Our Lenten theme, Full to the Brim, is an invitation—into a radically different Lent, into a full life. It’s an invitation to be authentically who you are, to counter scarcity and injustice at every turn, to pour out even more grace wherever it is needed. And so, this Lent, let us trust—fully—that we belong to God. Let us increase our capacity to receive and give grace. Let us discover the expansive life God dreams for us.
I hope that you will be able to join me for a time of worship and reflection this Wednesday evening for Ash Wednesday. As an invitation, allow me to leave you with the following poem:
On My Way
Written by Rev. Sarah (Are) Speed
You said return to me
so here I am
skin and bones held
together
with memories and a little
bit of
duct tape.
I am bringing
the worst of me,
consider yourself warned—
the furrowed brow,
the achy back,
the slew of judgments,
a pocket full of assumptions,
the track of negativity
that runs
laps in my head.
I am bringing it all
because you said
return to me,
edits not required,
so return I will.
And not all of it will be bad.
Some of it will be lovely.
I will bring
a wagon full of nostalgia,
a melody that won’t let me go,
a million stories that start
with the words,“Oh it was beautiful!”
I will bring a mended heart,
a glass half-full,
two lungs, out of breath
from dancing too long,
and dreams that taste
like honey.
I will bring my
whole
messy
human self
because I know,
I just know,
deep in my bones,
that you are already
running to meet me.
There are no cuts on
this team.
You said you’d take it all,
so here I come.
Me and all my humanity.
We are on my way.
Yours in Christ,
Rev Michiko
Many thanks to the work of The United Church’s Anti-Racism Roundtable who has offered us the following reflection on the use of hate symbols at recent protests happening in Ottawa.
"If you are within the United Church community, we challenge you to discern how, as a disciple of Christ, you are called to respond.
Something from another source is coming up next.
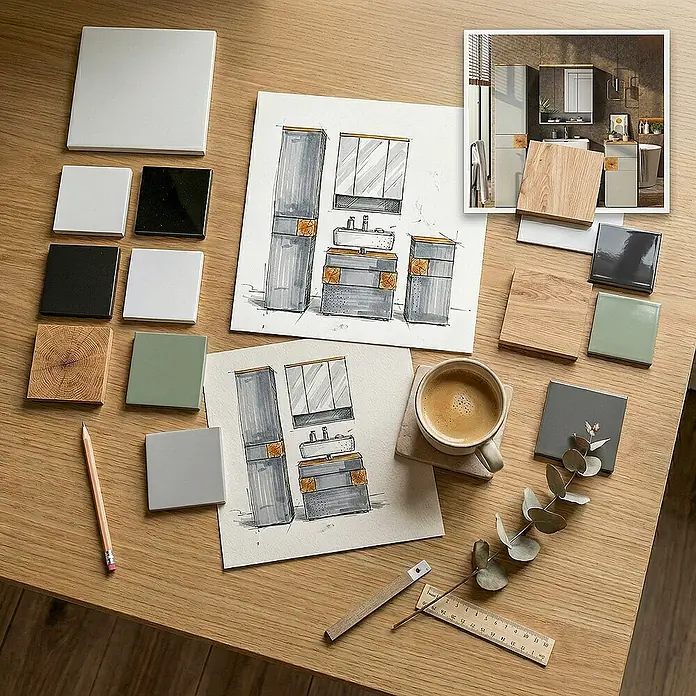 Vicco Badmöbel-Set Eden Anthrazit 2 Teile - Gesamtbreite Badmöbel: 73,1 cm, Anthrazit, Matt - Kollektion Keramikfliesen, Holzproben und Designskizzen für einen modernen Badezimmer-Waschtisch.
Please use your voice against racism whenever and wherever you can, with calmness and faithful persistence, with the goal of making the racism and discrimination in these protests unequivocally clear."
Click here to read the full statement.
This week, Diana Butler Bass offers a timely reflection on the Christian context of what is currently happening in the Ukraine.
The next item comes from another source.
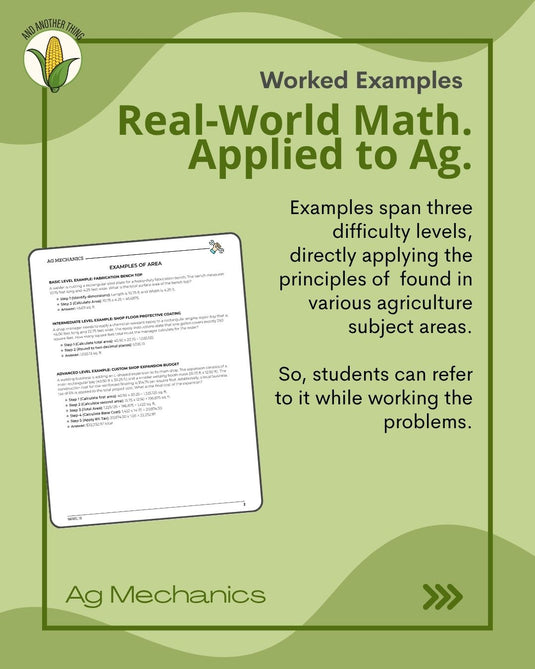 And Another Thing MATH APPLICATION, Ag Mechanics AREA (ANNUAL)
“The dream gripping some quarters of the West is for a coalition to unify religious conservatives into a kind of supra-national neo-Christendom. The theory is to create a partnership between American evangelicals, traditionalist Catholics in western countries, and Orthodox peoples under the auspices of the Russian Orthodox Church in a common front against three enemies — decadent secularism, a rising China, and Islam — for a glorious rebirth of moral purity and Christian culture.”